记者:广告行业发展很快,广告人流动也很快,那您是怎么留住这些人的呢?
Jimmy:这个不是你留住他。招回来的人,10个人里面可能只有1、2个有这个天分和性格,他最后不愿离开的,其他人你说要给他加薪水,其实我们行业的人都知道的,如果把你的薪水和你付出去的算一算,基本上是不值得的。所以我回到DDB找了一些从年轻的那辈分开始,我们有一个future bernbach,我们的公司里现在future bernbach有30多个人,招过来以后HR会先筛选,录取之后我们就安排资深的人去带他,有些是文案的,有些是公关的,3个月之后做一个评估。不可能每一个人都有天分的,如果他觉得在里面太累了,3个月完成一个program后,我们给他一个证书,如果他觉很有天分的,那我们就留他下来作为一个员工,但是不等于一年后他还在,在整个过程里可能100人里面只有1人留下来。
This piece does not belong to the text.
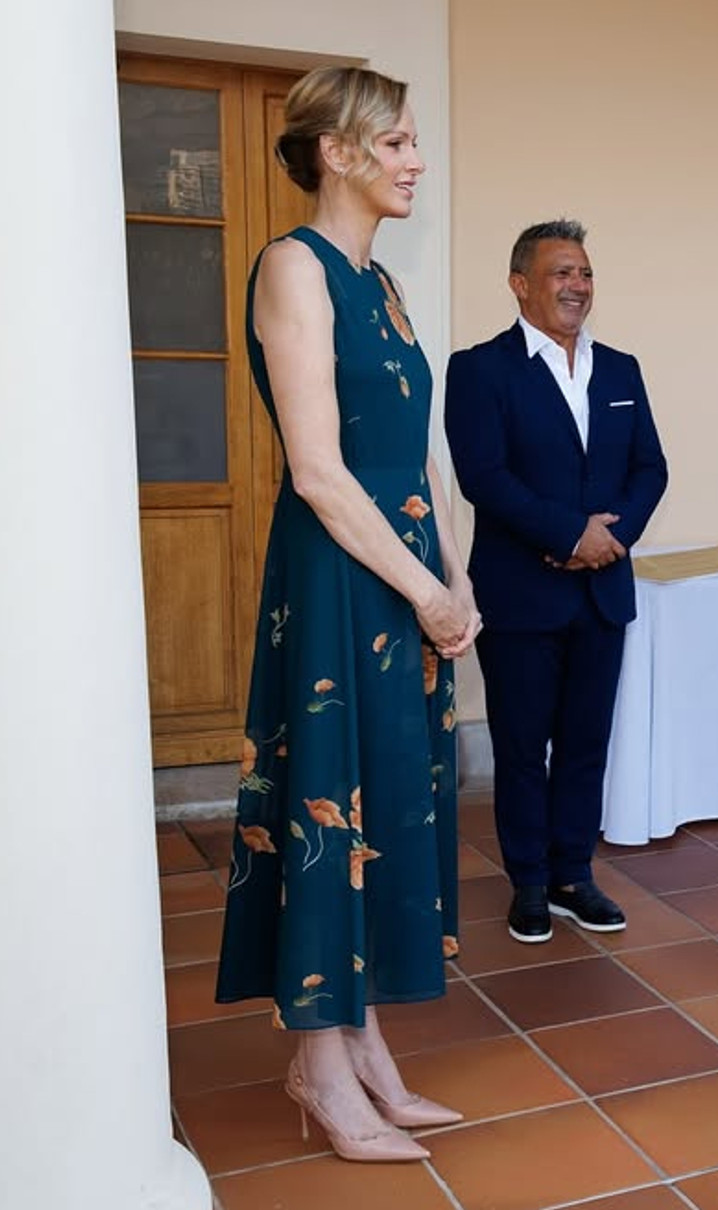 Княгиня Шарлін у квітковій сукні попозувала на івенті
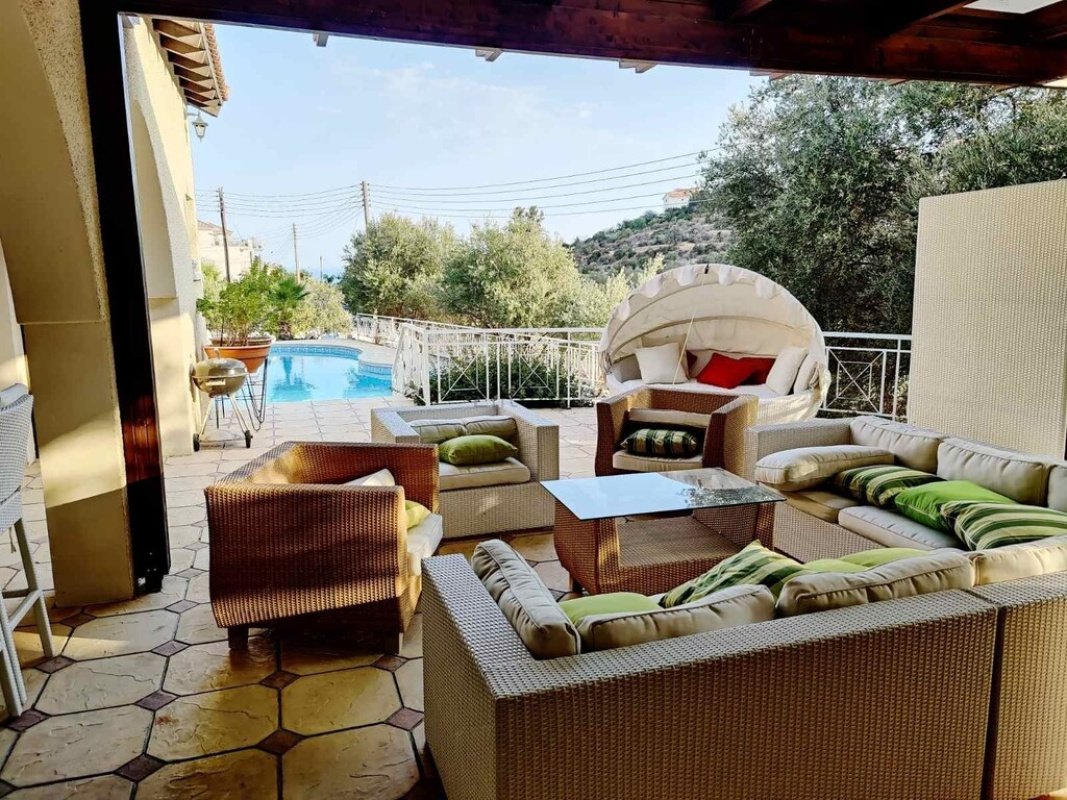 3 bedrooms Villa in Limassol, Cyprus No. 38936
我们最近检讨下来也觉得有运气的,比如说10个designer里面,资深指导会说要有3个一定要留下来,当然留下来一两年后他们是不是还在就很难说。
记者:那您觉得这些新的广告人和您最不一样的地方在哪里呢?他们看东西的角度是不是不同?
Jimmy:他们的角度是贴近年轻人的,但是要学的还是很多,你总不能找一个22岁的小女孩要她写一些生小孩的经验,一个不懂开车的人讲开车,他没有感觉,这个过程是不能急的,人生经验对创意是非常有影响的。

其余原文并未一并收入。